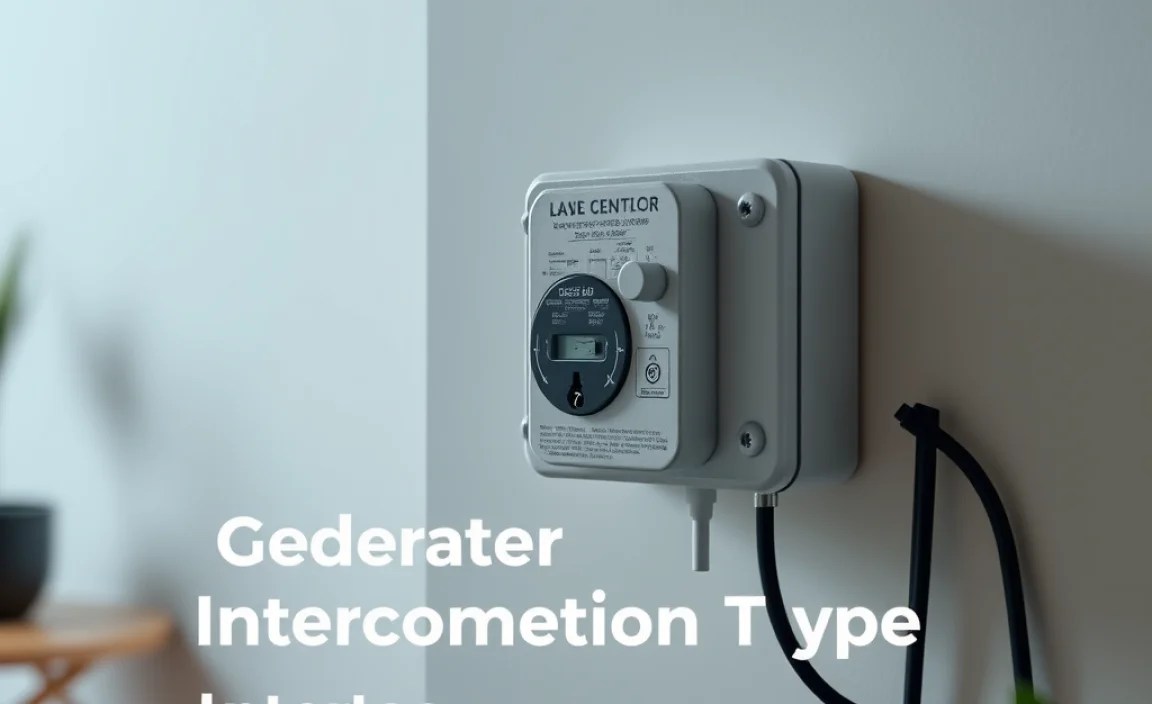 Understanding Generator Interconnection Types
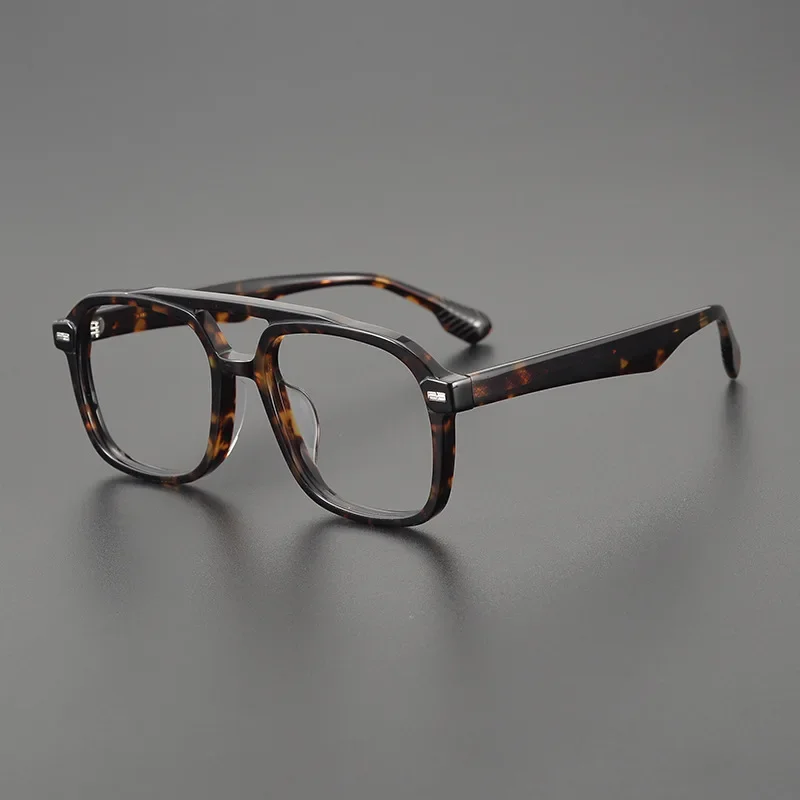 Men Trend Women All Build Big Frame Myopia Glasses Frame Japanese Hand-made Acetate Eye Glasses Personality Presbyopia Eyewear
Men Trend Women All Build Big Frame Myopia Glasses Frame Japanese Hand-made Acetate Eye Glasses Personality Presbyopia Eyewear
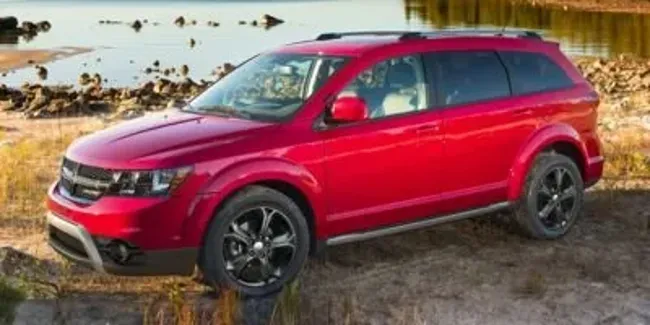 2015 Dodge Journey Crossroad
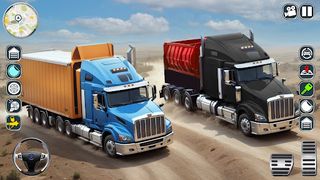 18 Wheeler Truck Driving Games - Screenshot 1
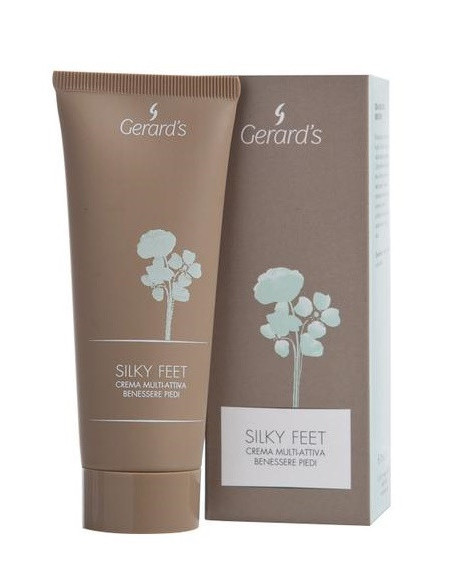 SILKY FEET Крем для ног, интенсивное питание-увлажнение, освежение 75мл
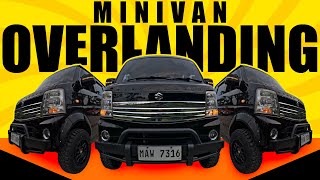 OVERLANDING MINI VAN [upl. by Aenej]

++++++++++

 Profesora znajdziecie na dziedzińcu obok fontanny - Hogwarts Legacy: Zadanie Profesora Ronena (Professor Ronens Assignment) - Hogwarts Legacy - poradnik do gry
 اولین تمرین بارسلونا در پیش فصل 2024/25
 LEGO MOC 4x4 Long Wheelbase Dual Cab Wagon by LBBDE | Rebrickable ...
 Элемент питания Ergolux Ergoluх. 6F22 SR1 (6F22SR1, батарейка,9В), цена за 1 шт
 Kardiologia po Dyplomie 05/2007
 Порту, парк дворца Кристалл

++++++++++

EXERCISE
To complete this exercise, transcribe exactly the lines above from the one that holds "SILKY FEET Крем" through the one that holds "OVERLANDING MINI VAN [upl. by Aenej]". Pictures stay out.

OUTPUT
 SILKY FEET Крем для ног, интенсивное питание-увлажнение, освежение 75мл
 OVERLANDING MINI VAN [upl. by Aenej]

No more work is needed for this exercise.